People | Culture

The challenges of global collaboration

Nicole Symington, PhD Candidate

19 April 2017

How would you work collaboratively to design a solution, service or product if your team worked across different countries? This is the challenge that Global Program students at DFM are facing. International visits from team members have benefits for this challenging working relationship.

This month two Global Program teams had an international visit from their Portuguese and Finnish team members to continue to work on the international design problems they have been set.
DFM Global Programs is a course in which Honours and Masters students collaborate with students across the globe to work on industry set R + D problems. This year DFM’s industry partners for this work are Innospring (China), Yanmar (Japan), OP (Finland), and Sonae MC (Portugal).

The DFM and Porto Design Factory team deeply involved in a group workshop.

“If you are working online you can’t see the emotions of the person you are working with. You can’t read if they have had a bad day. You might interact with them in the wrong way”

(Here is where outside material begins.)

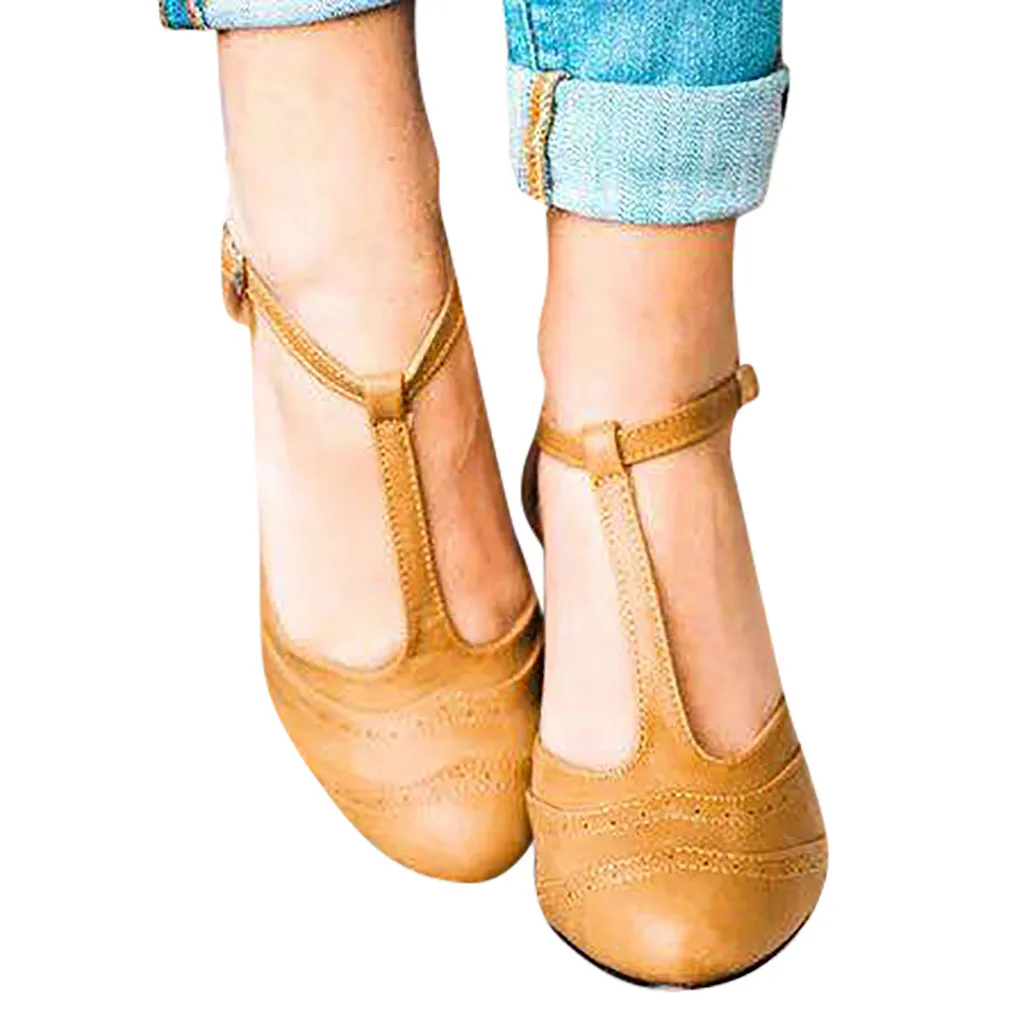

SAGACE Women Pu Casual Round Toe Sandals Fashion Pumps Square Heel Sandals Back Strap Womans Sandals Summer Woman Shoes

This visit marks the converging point in the student’s projects. Meeting each other at this important phase of the project is hugely beneficial. After spending 6 months conducting research and coming up with 10 concepts and prototypes it is time to converge, find one solution to focus on and prototype further. 

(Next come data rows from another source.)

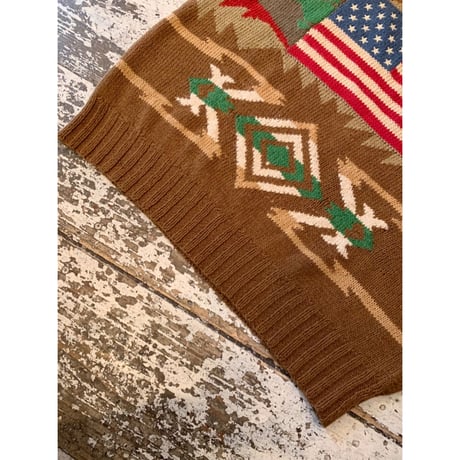 90s Ralph Lauren "星条旗 & ネイティブ柄" HAND KNIT Size L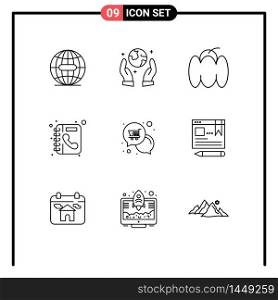 Universal Icon Symbols Group of 9 Modern Outlines of offer, mail, food, phone book, directory Editable Vector Design Elements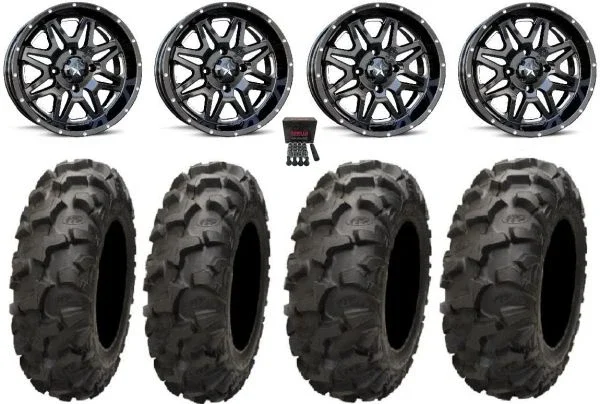 MSA Black Vibe 14″ ATV Wheels 28″ Blackwater Tires Honda Rincon Yamaha Rhino Kawasaki Brute Force Suzuki KingQuad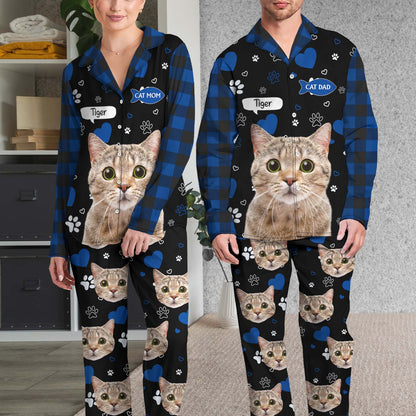 Custom Photo Dog Cat Mom Dad - Funny Birthday Gift For Wife, Husband, Dog Mom, Cat Mom, Dog Dad, Cat Dad, Pet Lovers - Personalized Custom Long Pajamas Set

This type of collaboration is challenging enough at the best of times. But when you add technology and time zones this gets amplified. Whilst working internationally the teams typically get together two times a week to discuss their progress via Skype. They also have daily contact through other instant messaging or file sharing applications. But Skype discussions have limitations. Group dynamics are more challenging via video conference. 

“If you are working online you can’t see the emotions of the person you are working with. You can’t read if they have had a bad day. You might interact with them in the wrong way” says Lucy, a member of team SONA. It is also easier to communicate with a team member by “grabbing a pen to show what you mean more quickly” interjects a team member. “Each time we see each other there is a huge improvement in the way we work” says another. 

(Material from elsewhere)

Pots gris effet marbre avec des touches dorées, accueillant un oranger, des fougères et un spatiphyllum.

The visit also allows for some crucial team bonding. Since the international visitors have arrived SONA have added visiting the Botanic Gardens and dinners out to their hectic working schedule. Getting to know each other also has important outcomes for collaboration. It is easier to work through disagreements when there is an existing relationship with the people at the other end of the computer. The ability to disagree and work through any conflicts will serve the projects well and provide the students with important skills for any future collaborations. 

This visit is the third of four visits that the teams will have during their one year projects. Previously the teams have visited their group members in their host countries as well as visiting Stanford together to take on the Dark Horse Prototyping challenge.